Helmpflicht für „sportlich ambitionierte“ Radfahrer, die sich besonderen Risiken aussetzen
Der Oberste Gerichtshof bejahte erstmals die Helmpflicht für Radfahrer, die unter rennmäßigen Bedingungen fahren. Erleidet ein solcher Radfahrer bei einem Sturz Schädelverletzungen, die beim Tragen eines Helms vermeidbar gewesen wären, so trifft ihn ein Mitverschulden.
Der Kläger und sein Freund fuhren im Jahr 2008 mit ihren Rennfahrrädern auf einer Bundesstraße im Ortsgebiet von Attersee. Beide waren mit Renndressen bekleidet, trugen jedoch keinen Fahrradhelm. Ihre Fahrgeschwindigkeit betrug ca 35 km/h, wobei sich der Kläger im Windschatten seines Freundes hielt. Als die damals 85-jährige Beklagte die Fahrbahn überquerte, führte der Freund des Klägers eine starke Bremsung durch. Der Tiefenabstand des Klägers von nur 1,5 m (0,15 sec) war so gering, dass das Auffahren auf das Rad des Freundes nicht vermeidbar war. Der Kläger kam zu Sturz und zog sich schwere Schädelverletzungen samt Dauerfolgen zu. Hätte er einen Helm getragen, hätte er nur eine Gehirnerschütterung ohne Dauerfolgen erlitten.
Die Vorinstanzen teilten das Verschulden 2:1 zu Lasten der Beklagten. Sie vertraten die Ansicht, dass das Nichttragen eines Fahrradhelms kein weiteres Mitverschulden des Klägers begründe.
Der Oberste Gerichtshof bejahte in Anlehnung an die zwischen „normalen“ und „sportlich ambitionierten“ Radfahrern unterscheidende Rechtsprechung deutscher Obergerichte eine Helmpflicht des unter rennmäßigen Bedingungen fahrenden Klägers, der sich infolge Windschattenfahrens dem besonderen Risiko des Auffahrens auf das Fahrrad seines Vordermanns ausgesetzt hatte.

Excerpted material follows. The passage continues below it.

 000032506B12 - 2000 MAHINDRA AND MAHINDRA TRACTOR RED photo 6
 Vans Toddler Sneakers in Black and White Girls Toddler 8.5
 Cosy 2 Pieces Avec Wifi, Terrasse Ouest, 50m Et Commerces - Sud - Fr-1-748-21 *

Er betonte, dass zum einen die Fahrweise dieser Gruppe von Radfahrern, bei der die Erzielung hoher Geschwindigkeiten im Vordergrund steht, naturgemäß ein gesteigertes Unfallrisiko und damit eine beträchtliche Steigerung der Eigengefährdung, insbesondere die Gefahr schwerer Kopfverletzungen in sich birgt. Zum anderen vermochte er sich auf das Ergebnis einer Umfrage des KfV im Jahr 2006 zu stützen, wonach bereits 93 % der Befragten das Tragen eines Helms bei Radsportlern als wichtig erkannt hatten. Für das Jahr 2008, in dem sich der Unfall ereignete, konnte daher schon von einem „allgemeinen Bewusstsein der beteiligten Kreise“ in Österreich ausgegangen werden, dass der „Einsichtige und Vernünftige“ wegen der erhöhten Eigengefährdung bei Fahrten unter rennmäßigen Bedingungen einen Radhelm trägt. Der Ersatzanspruch des Klägers wurde – unter Beachtung näher dargestellter Berechnungsgrundsätze – um einen weiteren Mitverschuldensanteil von 25 % gekürzt.